Stored items from a collection
__________

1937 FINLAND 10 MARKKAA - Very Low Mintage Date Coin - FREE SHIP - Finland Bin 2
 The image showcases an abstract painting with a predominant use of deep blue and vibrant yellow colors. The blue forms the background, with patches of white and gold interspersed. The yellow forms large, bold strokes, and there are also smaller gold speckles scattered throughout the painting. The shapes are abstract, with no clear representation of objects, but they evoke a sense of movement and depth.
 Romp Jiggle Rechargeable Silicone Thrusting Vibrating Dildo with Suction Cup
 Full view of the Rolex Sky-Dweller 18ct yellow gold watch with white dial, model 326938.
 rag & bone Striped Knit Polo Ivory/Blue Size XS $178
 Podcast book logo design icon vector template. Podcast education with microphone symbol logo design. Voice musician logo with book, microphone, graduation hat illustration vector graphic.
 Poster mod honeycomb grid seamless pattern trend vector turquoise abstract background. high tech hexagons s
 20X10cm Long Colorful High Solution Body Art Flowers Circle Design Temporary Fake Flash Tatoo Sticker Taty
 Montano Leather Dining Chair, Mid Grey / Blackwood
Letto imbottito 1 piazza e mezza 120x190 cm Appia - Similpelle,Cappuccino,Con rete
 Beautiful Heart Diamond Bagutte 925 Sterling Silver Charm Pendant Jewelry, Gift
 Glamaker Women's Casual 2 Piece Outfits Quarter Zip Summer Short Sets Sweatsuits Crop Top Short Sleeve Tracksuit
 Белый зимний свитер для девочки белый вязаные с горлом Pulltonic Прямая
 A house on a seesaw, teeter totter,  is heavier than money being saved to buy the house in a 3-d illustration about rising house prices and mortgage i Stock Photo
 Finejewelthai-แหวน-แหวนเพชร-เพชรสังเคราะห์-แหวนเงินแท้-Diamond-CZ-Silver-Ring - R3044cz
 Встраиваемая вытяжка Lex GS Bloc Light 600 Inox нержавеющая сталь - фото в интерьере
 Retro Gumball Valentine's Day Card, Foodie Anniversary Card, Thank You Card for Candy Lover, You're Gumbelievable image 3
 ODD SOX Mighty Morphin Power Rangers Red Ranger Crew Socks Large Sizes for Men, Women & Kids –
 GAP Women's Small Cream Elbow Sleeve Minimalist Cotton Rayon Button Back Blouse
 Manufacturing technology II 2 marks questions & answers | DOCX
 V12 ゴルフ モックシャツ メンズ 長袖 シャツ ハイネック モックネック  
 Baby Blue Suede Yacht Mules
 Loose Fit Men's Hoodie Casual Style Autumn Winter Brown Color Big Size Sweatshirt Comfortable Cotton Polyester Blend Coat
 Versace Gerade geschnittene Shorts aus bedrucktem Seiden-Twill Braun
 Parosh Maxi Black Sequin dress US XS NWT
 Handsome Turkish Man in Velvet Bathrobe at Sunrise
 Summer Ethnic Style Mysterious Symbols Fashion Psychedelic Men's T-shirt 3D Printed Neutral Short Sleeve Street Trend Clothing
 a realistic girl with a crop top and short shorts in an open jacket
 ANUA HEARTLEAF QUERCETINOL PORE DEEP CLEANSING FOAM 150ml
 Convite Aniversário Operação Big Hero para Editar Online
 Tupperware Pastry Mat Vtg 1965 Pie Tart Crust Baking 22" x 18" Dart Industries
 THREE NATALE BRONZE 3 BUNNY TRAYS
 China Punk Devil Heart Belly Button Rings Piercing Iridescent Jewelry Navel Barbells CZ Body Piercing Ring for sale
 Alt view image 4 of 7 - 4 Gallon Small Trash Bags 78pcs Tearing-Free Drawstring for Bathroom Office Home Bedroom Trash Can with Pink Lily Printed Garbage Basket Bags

__________

**The problem:**
Say how many of the lines above include the string "yellow", and give no other words.

**Exercise answer:**
2